→ Exercise brief: For the entries below, the expected answer is the line with "1181 NW Knoxville", the line with "160324 - Wales", and every line between them, exactly as written, and nothing more.

(Collection entries)
──────────

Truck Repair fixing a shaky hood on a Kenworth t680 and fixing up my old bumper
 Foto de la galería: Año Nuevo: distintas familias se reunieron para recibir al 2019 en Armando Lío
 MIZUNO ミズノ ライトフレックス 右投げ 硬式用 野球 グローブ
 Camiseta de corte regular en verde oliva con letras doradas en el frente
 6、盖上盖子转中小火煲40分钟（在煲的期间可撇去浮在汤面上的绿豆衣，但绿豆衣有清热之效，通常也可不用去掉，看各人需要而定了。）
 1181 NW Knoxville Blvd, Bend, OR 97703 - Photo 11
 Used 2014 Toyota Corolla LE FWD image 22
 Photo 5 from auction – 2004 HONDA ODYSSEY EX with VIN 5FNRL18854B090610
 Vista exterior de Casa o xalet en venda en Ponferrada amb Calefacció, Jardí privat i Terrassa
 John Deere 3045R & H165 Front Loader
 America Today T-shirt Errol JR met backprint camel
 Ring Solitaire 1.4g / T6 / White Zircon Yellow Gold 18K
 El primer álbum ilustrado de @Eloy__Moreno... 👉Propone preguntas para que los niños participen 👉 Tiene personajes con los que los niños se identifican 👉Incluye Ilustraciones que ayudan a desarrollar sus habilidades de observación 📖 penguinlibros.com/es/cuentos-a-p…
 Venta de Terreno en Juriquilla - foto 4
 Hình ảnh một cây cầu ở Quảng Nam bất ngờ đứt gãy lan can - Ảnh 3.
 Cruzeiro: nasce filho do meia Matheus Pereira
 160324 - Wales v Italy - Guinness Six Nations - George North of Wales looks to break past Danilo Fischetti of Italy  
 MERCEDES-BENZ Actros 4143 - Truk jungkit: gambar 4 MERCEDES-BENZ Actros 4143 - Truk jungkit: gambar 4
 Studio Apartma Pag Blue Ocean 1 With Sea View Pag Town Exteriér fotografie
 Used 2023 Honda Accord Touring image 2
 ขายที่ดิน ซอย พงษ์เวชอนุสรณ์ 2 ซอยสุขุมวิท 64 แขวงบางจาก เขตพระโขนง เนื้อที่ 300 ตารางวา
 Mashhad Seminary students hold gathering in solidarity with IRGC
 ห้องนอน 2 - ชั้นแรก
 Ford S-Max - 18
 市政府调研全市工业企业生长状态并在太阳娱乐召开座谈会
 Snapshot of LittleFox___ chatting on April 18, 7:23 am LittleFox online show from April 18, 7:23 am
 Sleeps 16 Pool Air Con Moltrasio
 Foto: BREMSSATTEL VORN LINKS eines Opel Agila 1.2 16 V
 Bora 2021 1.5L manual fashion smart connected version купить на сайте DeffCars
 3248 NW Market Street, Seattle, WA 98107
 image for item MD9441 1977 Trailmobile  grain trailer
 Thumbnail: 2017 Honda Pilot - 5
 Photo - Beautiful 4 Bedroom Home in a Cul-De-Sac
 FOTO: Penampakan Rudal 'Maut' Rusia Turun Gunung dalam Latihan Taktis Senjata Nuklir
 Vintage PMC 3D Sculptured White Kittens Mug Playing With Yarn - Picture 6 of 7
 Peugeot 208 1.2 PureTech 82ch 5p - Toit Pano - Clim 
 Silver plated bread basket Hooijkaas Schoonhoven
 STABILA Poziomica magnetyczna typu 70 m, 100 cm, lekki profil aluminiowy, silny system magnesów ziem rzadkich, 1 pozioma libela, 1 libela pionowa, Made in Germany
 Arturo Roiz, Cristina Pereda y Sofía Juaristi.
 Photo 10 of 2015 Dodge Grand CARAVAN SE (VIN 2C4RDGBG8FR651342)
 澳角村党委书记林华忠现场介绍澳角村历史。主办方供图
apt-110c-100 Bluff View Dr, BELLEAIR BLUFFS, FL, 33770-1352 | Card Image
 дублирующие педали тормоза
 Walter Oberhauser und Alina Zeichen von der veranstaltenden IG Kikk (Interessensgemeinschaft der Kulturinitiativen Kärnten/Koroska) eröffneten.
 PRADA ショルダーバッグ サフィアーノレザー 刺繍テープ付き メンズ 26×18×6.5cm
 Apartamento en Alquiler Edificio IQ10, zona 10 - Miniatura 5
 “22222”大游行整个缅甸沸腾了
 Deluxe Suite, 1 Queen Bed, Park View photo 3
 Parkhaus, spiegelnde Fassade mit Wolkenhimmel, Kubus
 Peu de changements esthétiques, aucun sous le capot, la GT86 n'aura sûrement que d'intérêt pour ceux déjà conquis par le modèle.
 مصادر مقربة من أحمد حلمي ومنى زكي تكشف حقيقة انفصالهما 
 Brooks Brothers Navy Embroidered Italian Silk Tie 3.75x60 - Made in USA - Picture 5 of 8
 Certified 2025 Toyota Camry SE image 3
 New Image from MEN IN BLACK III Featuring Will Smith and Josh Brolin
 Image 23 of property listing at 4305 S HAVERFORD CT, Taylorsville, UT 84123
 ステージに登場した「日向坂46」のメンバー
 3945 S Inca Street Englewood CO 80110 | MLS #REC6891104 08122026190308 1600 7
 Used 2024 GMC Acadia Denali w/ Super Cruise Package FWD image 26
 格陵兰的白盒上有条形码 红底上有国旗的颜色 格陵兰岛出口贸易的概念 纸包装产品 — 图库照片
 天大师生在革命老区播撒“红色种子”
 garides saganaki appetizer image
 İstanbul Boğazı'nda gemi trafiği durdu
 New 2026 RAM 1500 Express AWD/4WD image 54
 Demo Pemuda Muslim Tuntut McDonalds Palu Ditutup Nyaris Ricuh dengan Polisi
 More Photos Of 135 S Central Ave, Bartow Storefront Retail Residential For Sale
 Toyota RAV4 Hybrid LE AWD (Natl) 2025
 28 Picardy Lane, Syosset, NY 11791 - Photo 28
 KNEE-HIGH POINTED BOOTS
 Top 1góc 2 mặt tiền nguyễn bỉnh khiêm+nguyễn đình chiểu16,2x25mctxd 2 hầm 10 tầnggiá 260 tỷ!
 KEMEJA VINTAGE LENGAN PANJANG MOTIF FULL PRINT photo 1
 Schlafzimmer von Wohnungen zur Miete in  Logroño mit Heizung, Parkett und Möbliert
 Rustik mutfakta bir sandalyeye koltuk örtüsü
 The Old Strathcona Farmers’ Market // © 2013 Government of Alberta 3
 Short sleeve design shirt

──────────

→ Output for this exercise:
 1181 NW Knoxville Blvd, Bend, OR 97703 - Photo 11
 Used 2014 Toyota Corolla LE FWD image 22
 Photo 5 from auction – 2004 HONDA ODYSSEY EX with VIN 5FNRL18854B090610
 Vista exterior de Casa o xalet en venda en Ponferrada amb Calefacció, Jardí privat i Terrassa
 John Deere 3045R & H165 Front Loader
 America Today T-shirt Errol JR met backprint camel
 Ring Solitaire 1.4g / T6 / White Zircon Yellow Gold 18K
 El primer álbum ilustrado de @Eloy__Moreno... 👉Propone preguntas para que los niños participen 👉 Tiene personajes con los que los niños se identifican 👉Incluye Ilustraciones que ayudan a desarrollar sus habilidades de observación 📖 penguinlibros.com/es/cuentos-a-p…
 Venta de Terreno en Juriquilla - foto 4
 Hình ảnh một cây cầu ở Quảng Nam bất ngờ đứt gãy lan can - Ảnh 3.
 Cruzeiro: nasce filho do meia Matheus Pereira
 160324 - Wales v Italy - Guinness Six Nations - George North of Wales looks to break past Danilo Fischetti of Italy  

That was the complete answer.